* _PROBLEM REQUIREMENTS_:
Find the line below with "9094 Apple Orchard Cove - Photo 6" and the line with "Women's Funkita Single". Output them and the lines between, exactly, but not the pictures.

* _DATASET_:
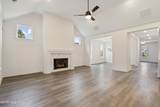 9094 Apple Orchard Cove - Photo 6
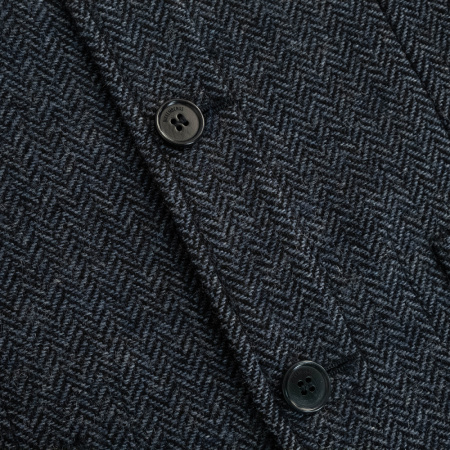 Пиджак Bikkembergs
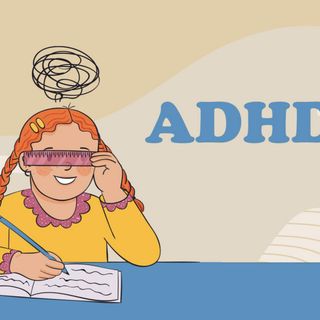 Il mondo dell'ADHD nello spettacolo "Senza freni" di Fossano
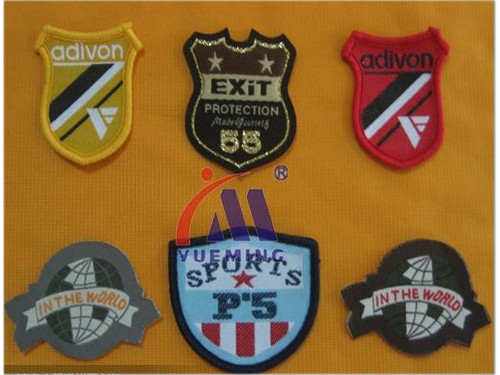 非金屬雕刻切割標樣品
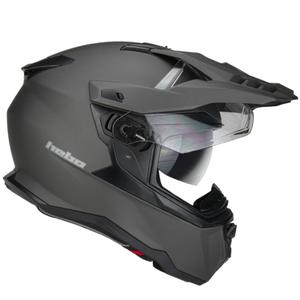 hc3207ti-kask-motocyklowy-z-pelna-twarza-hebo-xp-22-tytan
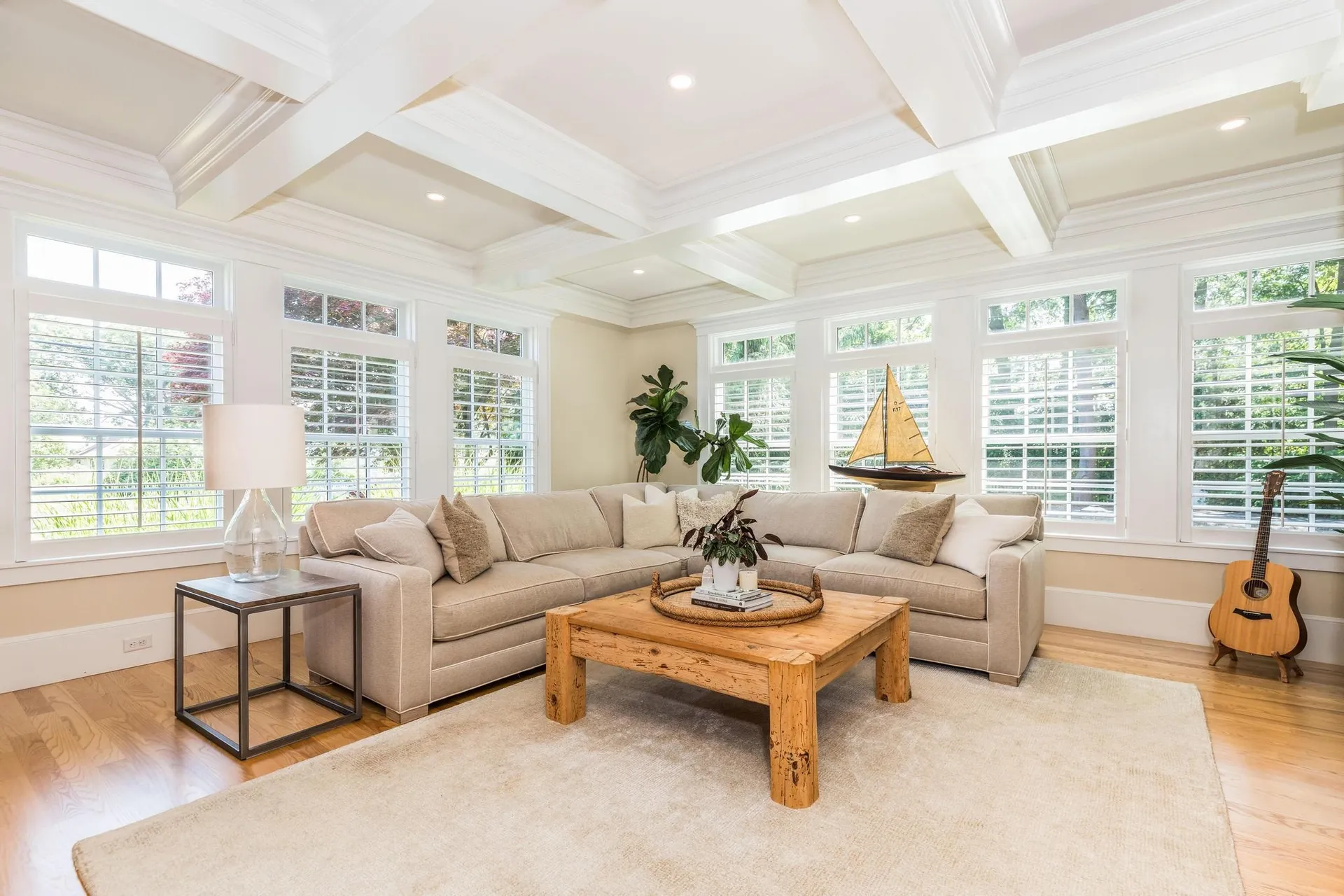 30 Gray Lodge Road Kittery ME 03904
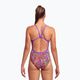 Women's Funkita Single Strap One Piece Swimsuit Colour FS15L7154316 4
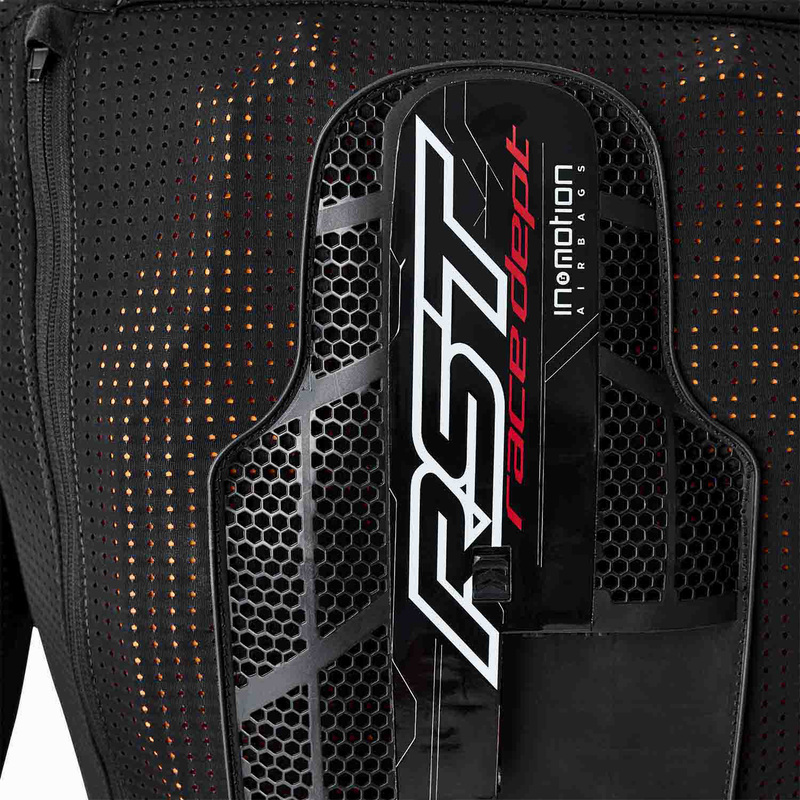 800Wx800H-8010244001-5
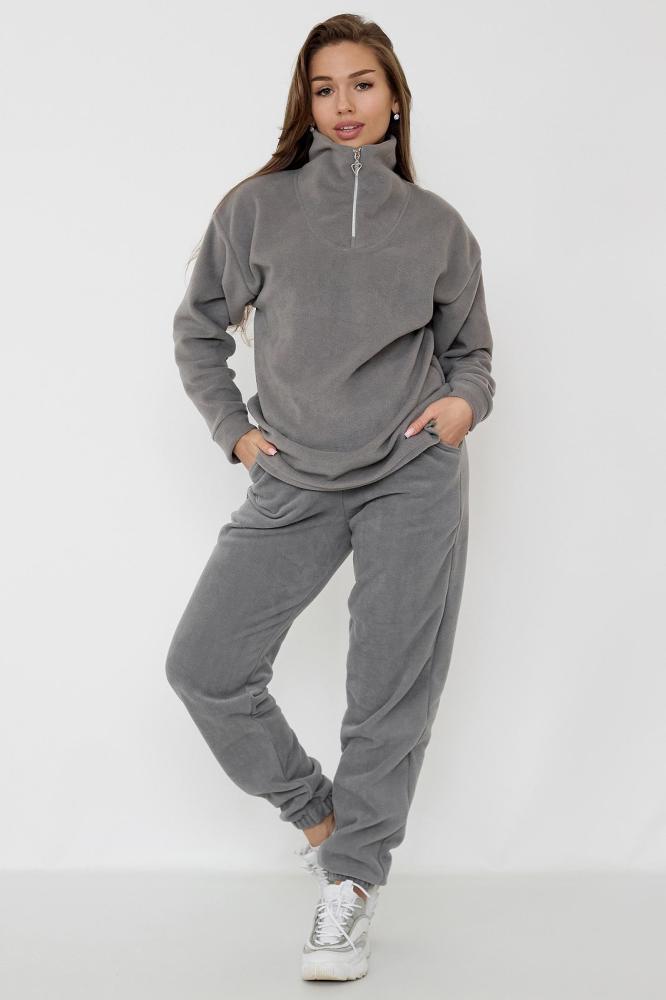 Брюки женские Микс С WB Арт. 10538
* * *
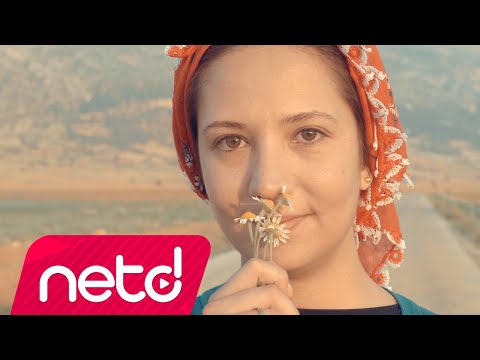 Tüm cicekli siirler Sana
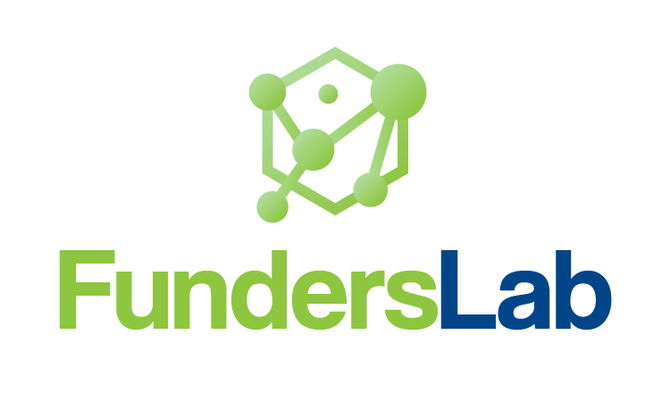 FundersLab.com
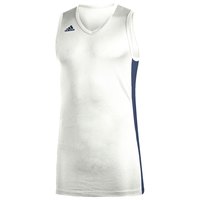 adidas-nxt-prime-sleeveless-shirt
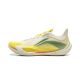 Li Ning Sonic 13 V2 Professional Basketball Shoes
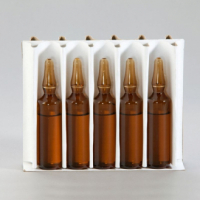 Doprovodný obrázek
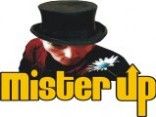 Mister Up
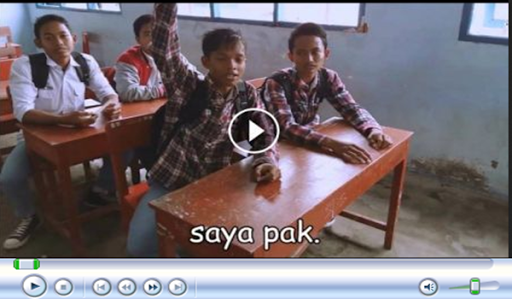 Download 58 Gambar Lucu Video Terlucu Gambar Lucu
--
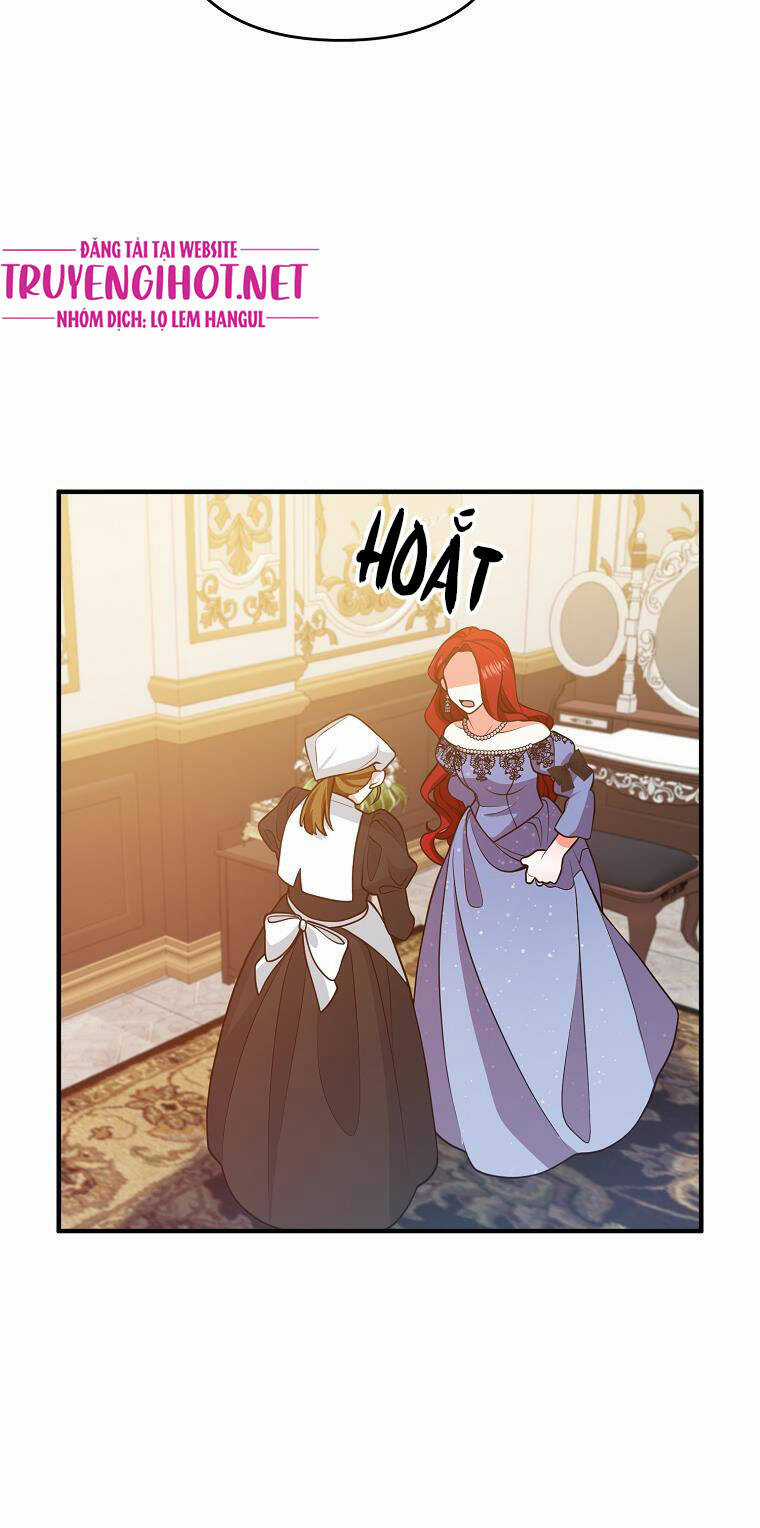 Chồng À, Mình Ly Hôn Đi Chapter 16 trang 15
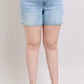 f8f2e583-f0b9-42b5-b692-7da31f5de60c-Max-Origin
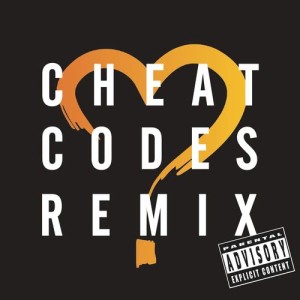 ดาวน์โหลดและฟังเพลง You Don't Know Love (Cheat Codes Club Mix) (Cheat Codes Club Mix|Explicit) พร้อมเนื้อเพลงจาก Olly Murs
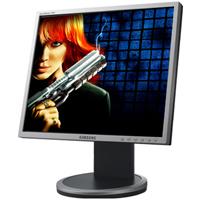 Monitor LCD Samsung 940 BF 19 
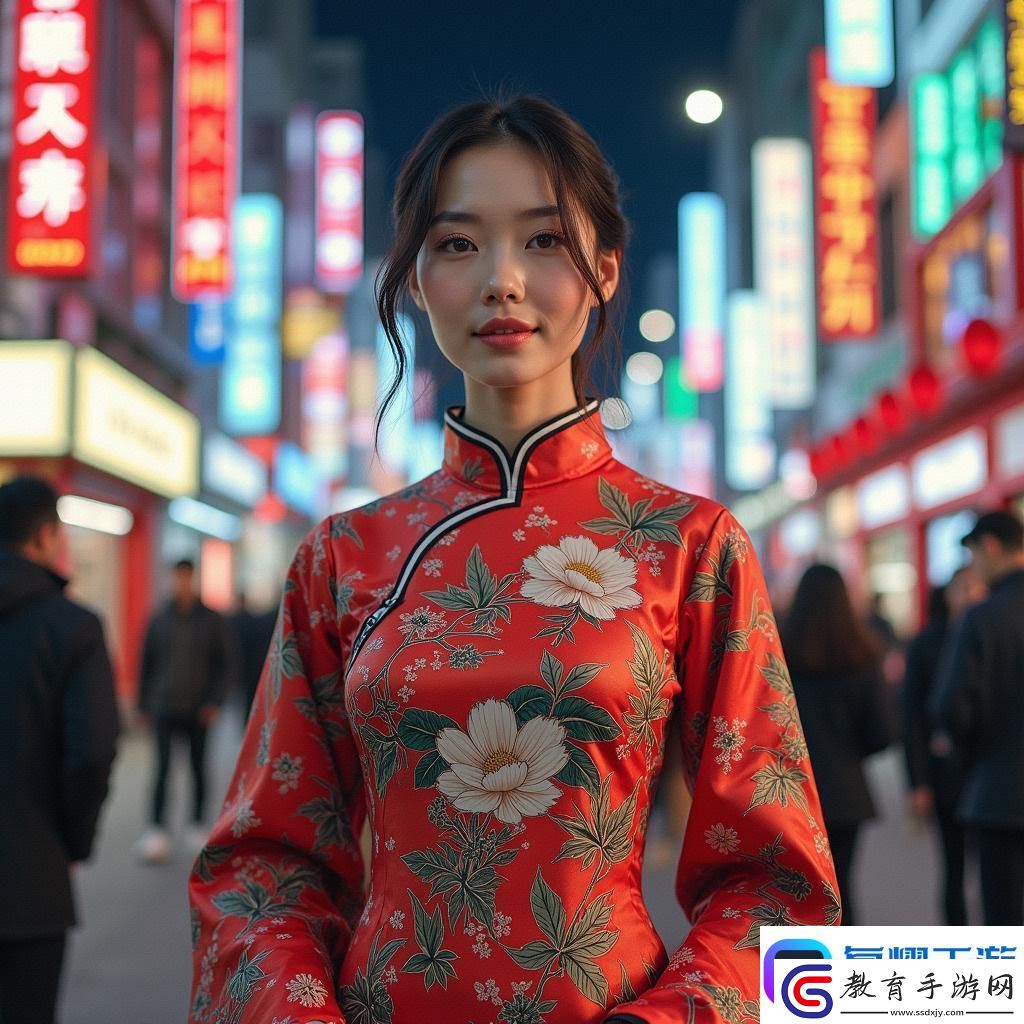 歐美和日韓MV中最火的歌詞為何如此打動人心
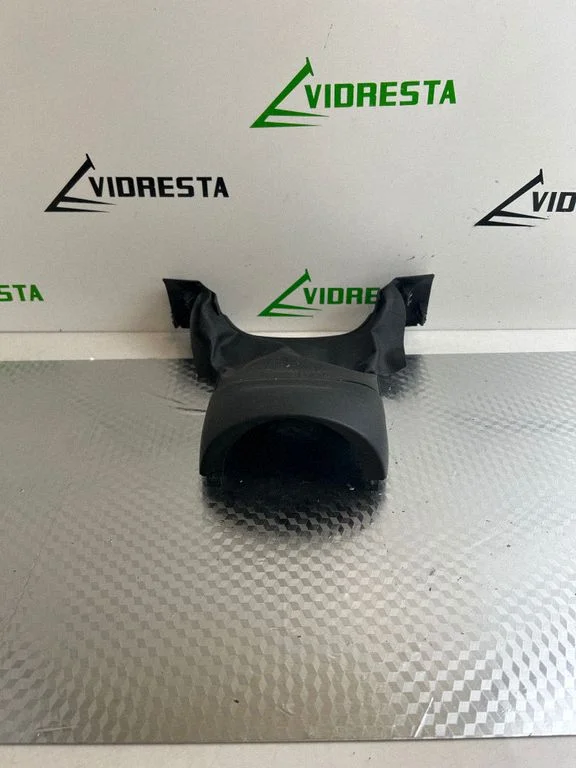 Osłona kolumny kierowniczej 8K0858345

* _SOLUTION TO THE PROBLEM_:
 9094 Apple Orchard Cove - Photo 6
 Пиджак Bikkembergs
 Il mondo dell'ADHD nello spettacolo "Senza freni" di Fossano
 非金屬雕刻切割標樣品
 hc3207ti-kask-motocyklowy-z-pelna-twarza-hebo-xp-22-tytan
 30 Gray Lodge Road Kittery ME 03904
 Women's Funkita Single Strap One Piece Swimsuit Colour FS15L7154316 4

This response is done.